9.Catch My Drift: a post about implementing asteroids-style drifting
This post is about implementing drifting movement (a la asteroids), and draws together several previous posts.
這篇帖子討論如何實現飄移(以星球大戰爲例),並把前面帖子的內容綜合一下。
There are various simple movement schemes that you can implement in games. We’ve used one in our previous posts:moving at a fixed speed (with steering). Another is what I will call asteroids-style movement: you have a persistent velocity (or “drift”), and you can apply thrust in a particular direction to change the velocity. It’s hard to describe it simply in text, so the best way to get an idea of what I’m talking about is togo have a play with the scenario.
在遊戲中你可以實現各種各樣簡單的運動設計。在前面的帖子中我們使用了一種:以固定的速度移動(結合轉向)。另一種是我將稱爲星球大戰類型的運動:擁有持續的速率(或“漂移”),同時能夠在某個特定的方向運用推力來改變速率。這很難用文字簡單地進行描述,因此要了解我說的什麼意思最好去玩一下相關的遊戲劇本。
In this post, we will implement drifting. To do this, we must create a variable to hold the current speed in the X direction, and the current speed in the Y direction. Each frame we add the current speeds onto the current position.
在這篇帖子裏,我們將實現飄移。爲了達到目的,我們必須創建一個變量來保存當前x方向和y方向的速度值。每一幀我們把當前的速度值加到當前的座標上去。
The key aspect of implementing drift-style movement is that when we press a key to move, instead of adding some amount to the currentposition, we add some amount (known as acceleration) to the currentspeed, which in turn will be added to the current position in each of the future frames. We’ve already seen this technique inthe previous post on falling, so we can form a rough skeleton of our code:
實現類似飄移運動的關鍵部分是,當按下某個鍵來移動時,我們並不是增加當前座標值,而是增加速度值(加速度),相應地在每個下一幀將其累加到當前座標上。我們在之前討論下落的帖子裏已經瞭解了這個技術,因此我們可以形成如下代碼框架:
private double speedX;
private double speedY;
public void act()
{
doTurn();
doMove();
}
private void doMove()
{
if (Greenfoot.isKeyDown("up"))
{
setImage("rocket.png");
speedX = speedX + ???;
speedY = speedY + ???;
}
else
{
setImage("rocket_nothrust.png");
}
setLocation(getX() + (int)speedX, getY() + (int)speedY);
}
(We’ll additionally use the doTurn method from our turning example, and alsothe world-wrapping code from our world-wrapping example.)
(我們將額外地使用在轉向示例中提到的doTurn方法,以及在世界捲動示例中提到的座標捲動代碼。)
So we have persistent variables for speedX and speedY, declared as members of our Spaceship class. We add these speeds to our position each frame, on the last line of the code above. We also have some code to change the image of the rocket when we are accelerating/drifting. The bit that still needs filling in is how to adjust the speed each frame.

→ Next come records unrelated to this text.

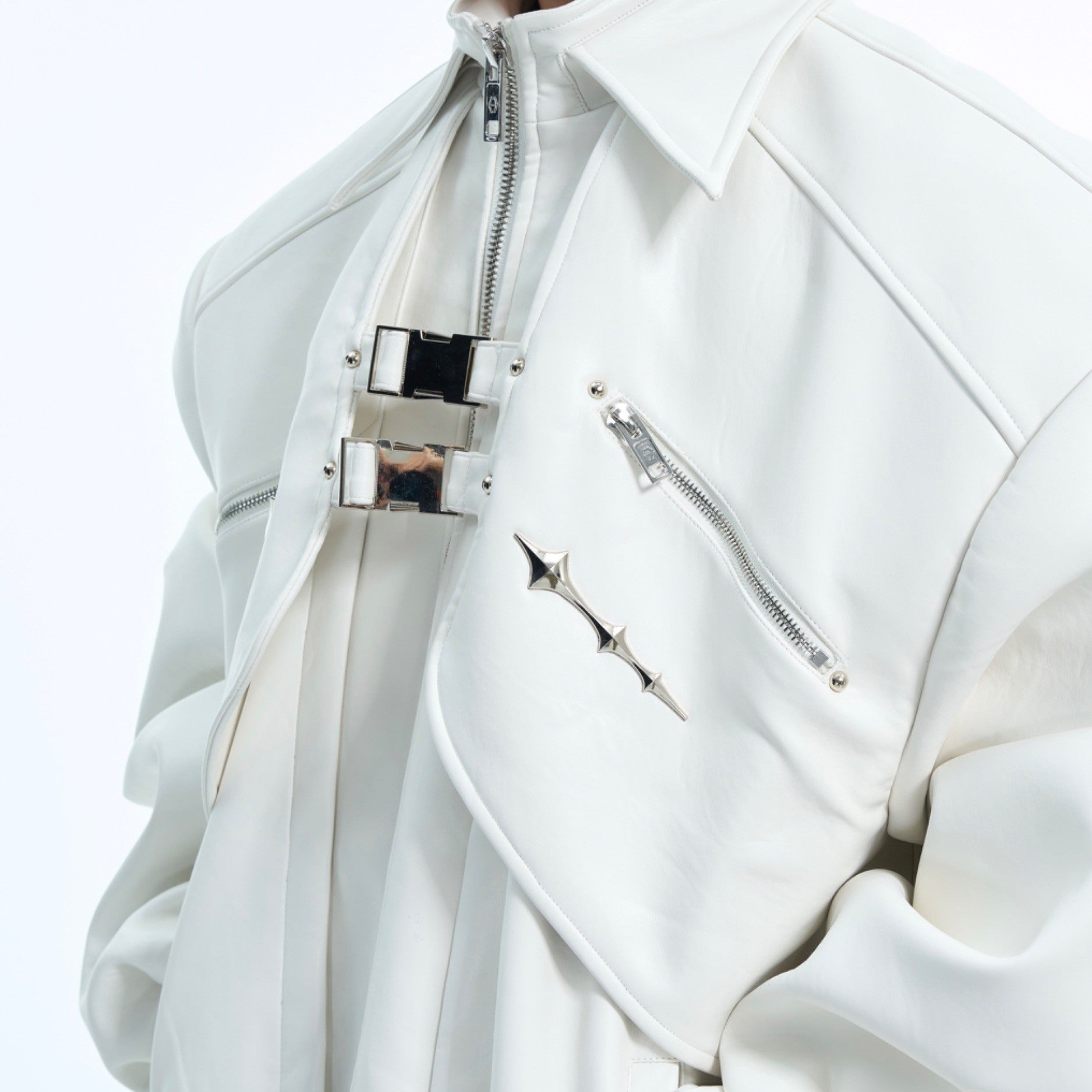 Close-up of industrial metal buckles and hardware on edgy deconstructed leather jacket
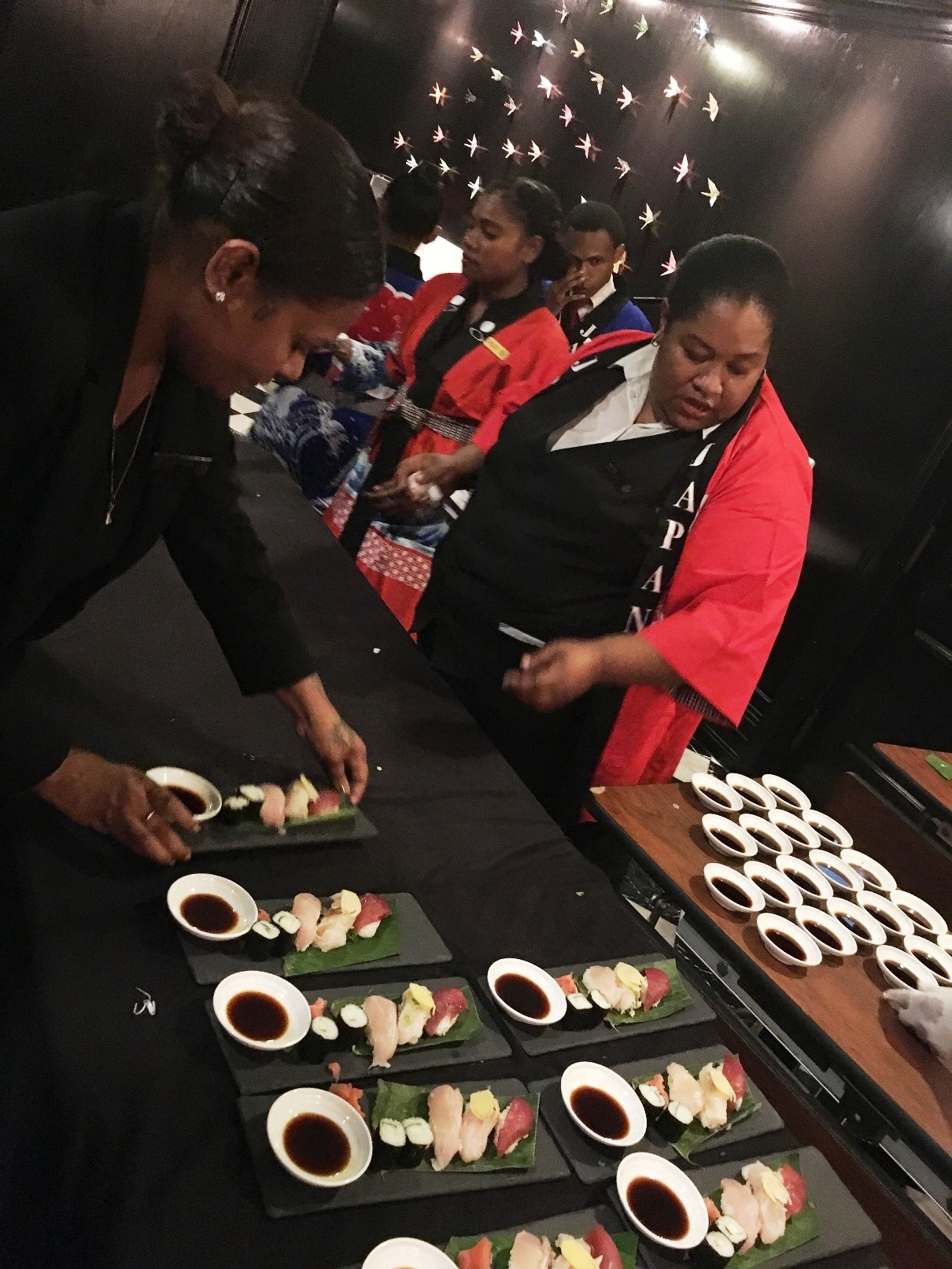 Papua New Guinean waitresses serving Sushi (Origami paper cranes on the wall in the back)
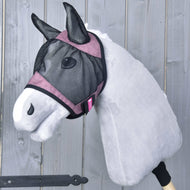The Hobby Horse LarDen Fly Mask De Luxe Pink, a gray plush hobby horse with pink trim and a washable fly mask, is mounted on a wooden stick and set against a wooden plank background.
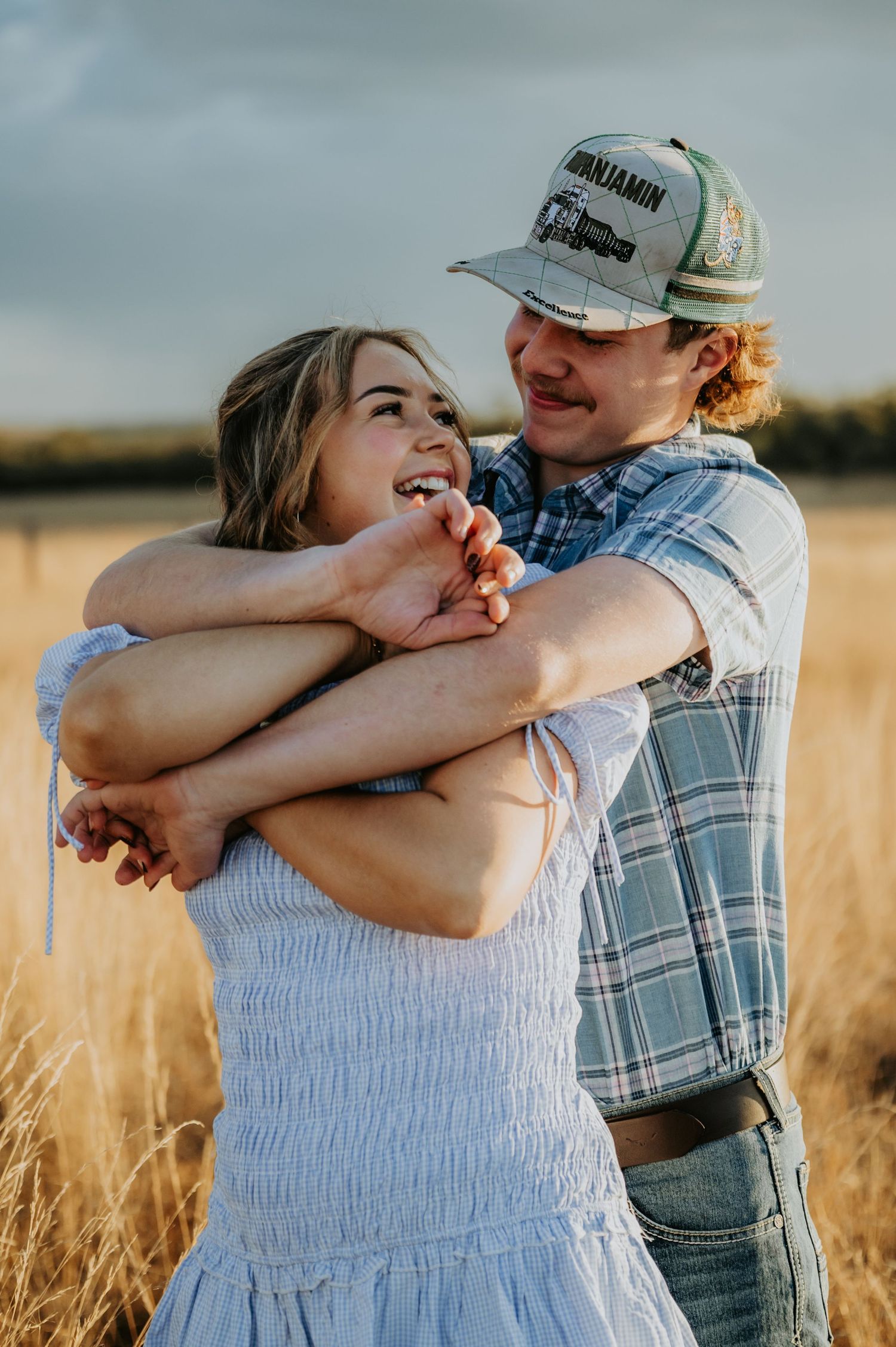 A couple embraces in a golden wheat field, the man in a plaid shirt and cap hugging a smiling woman in a white dress.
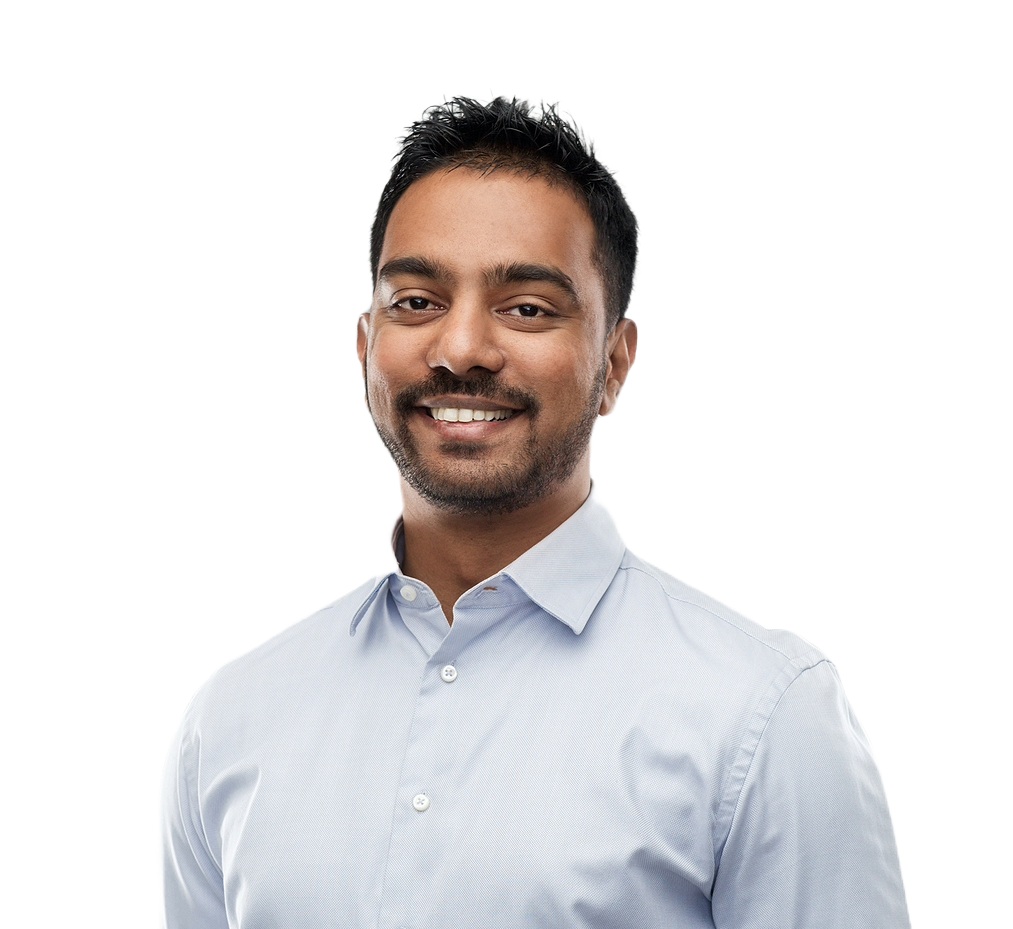 A smiling engineer in a light blue collared shirt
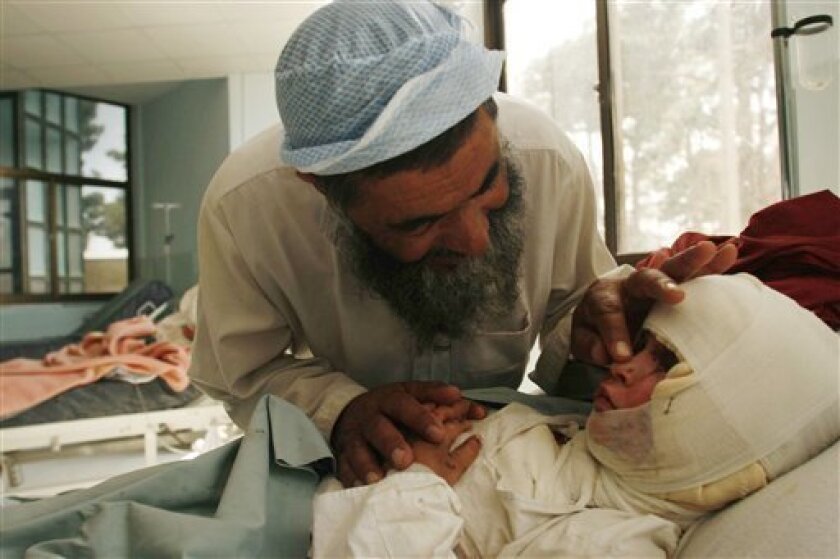 Haji Barkat Ullah speaks with her daugther Frishta 7, who was wounded in coalition airstrike on Monday night in Bala Baluk district of Farah province recovers in a hospital in Herat, Afghanistan, Saturday, May 9, 2009. A joint U.S.-Afghan investigation has found that civilians were killed during a battle in southern Afghanistan, but officials have not been able to determine how many.(AP Photo/Fraidoon Pooyaa)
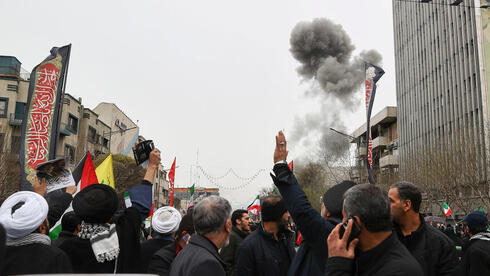 Protest against Israel in Tehran against the backdrop of an explosion from an Israeli attack, earlier this month.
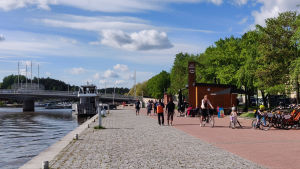 Måndagskvällen var varm och vacker. Vy av åstranden med fotgängare, cyklister och en uteservering.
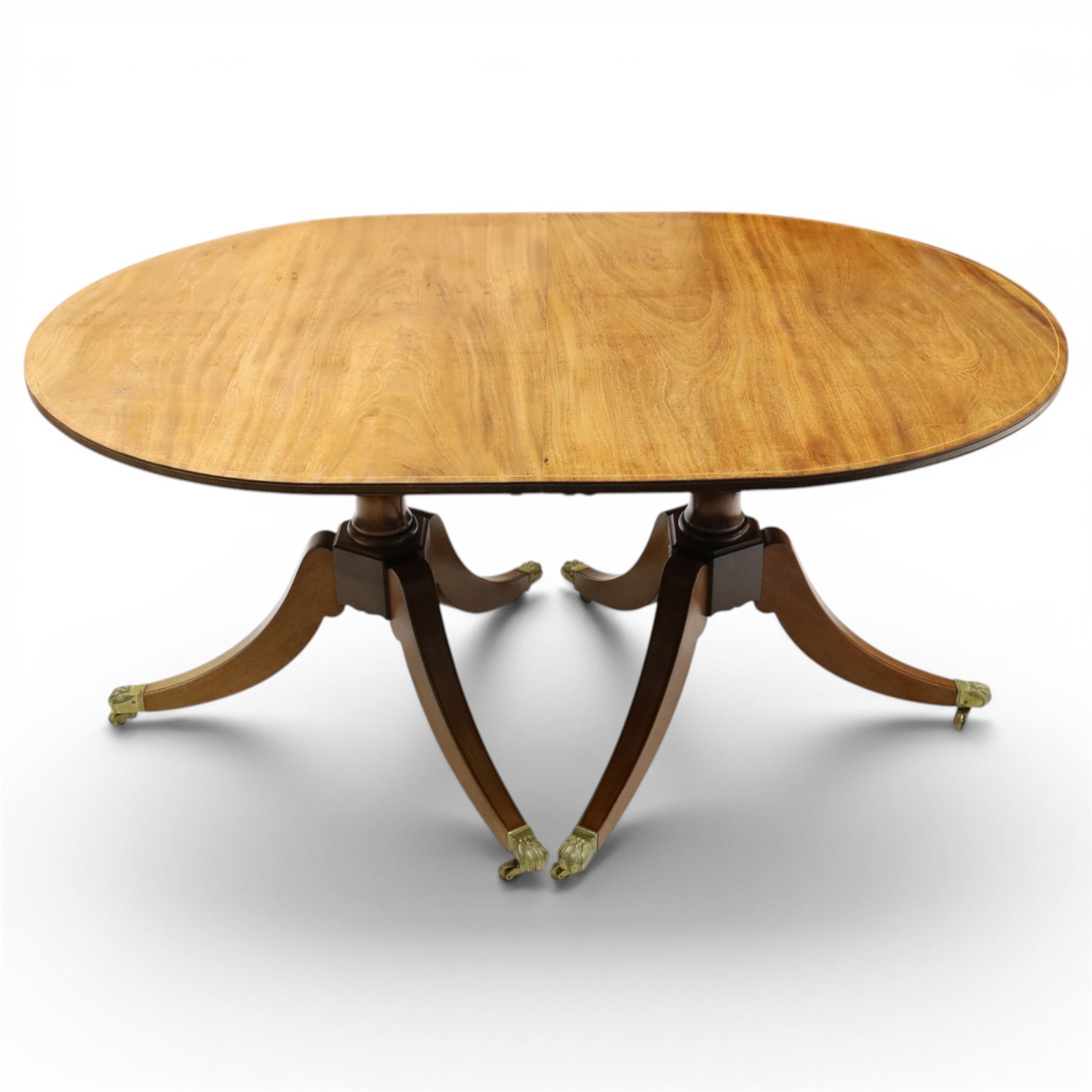 Acornman - mahogany twin pillar extending dining table, strongly grained top with inlaid edge, raised on a ring turned baluster column, above three swept supports terminating in brass paw feet above castors, two additional leaves extending the table to 242cm, with signature carved acorn, by the workshop of Alan Grainger of Brandsby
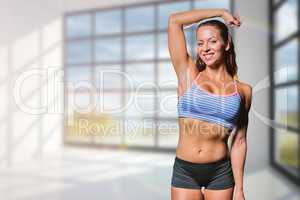 Composite image of portrait of happy female athlete with hand on
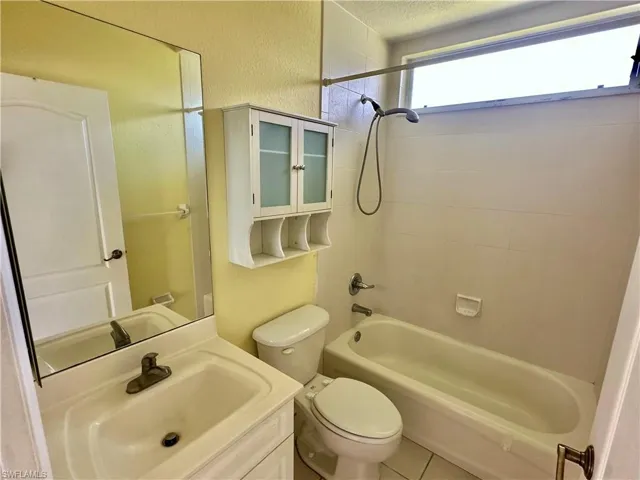 Full bath featuring a textured wall, toilet, vanity, a textured ceiling, and bathtub / shower combination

於是我們擁有了持久的變量speedX 和speedY,並把它們定義爲Spaceship 類的成員變量。每一幀我們把這些速度值累加到座標上,如上述代碼的最後一行所示。我們也通過一些代碼來改變火箭加速/飄移時的圖像。現在有待完成的是如何在每一幀中去調準速度值。
We want to add an appropriate acceleration to our speed, based on which direction we’re facing. We want to accelerate a certain amount in the direction we are pointing. This is exactly the same principle asan
earlier post, where we wanted to move a certain amount in the direction we are pointing. The only difference is that instead of moving, we add to our speed:
我們希望在當前所處的方向上給速度增加一個加速度值。我們希望在當前方向增加一個固定值。這和之前帖子討論的原理是一致的。唯一的區別在於我們增加的是速度值,而不是移動距離:
double radians = Math.toRadians(getRotation());
double moveSpeed = 0.1;
double accX = Math.cos(radians) * moveSpeed;
double accY = Math.sin(radians) * moveSpeed;
speedX = speedX + accX;
speedY = speedY + accY;
You can have a play with the finished scenario, or view its full source code in Greenfoot. You may notice that its speed can increase to unlimited amounts — we will fix that in a forthcoming post.
你可以玩一下完成後的遊戲劇本,或者在Greenfoot中查看完整代碼。你可能會注意到其速度值可以無限增加——我們將會在接下來的帖子中進行修正。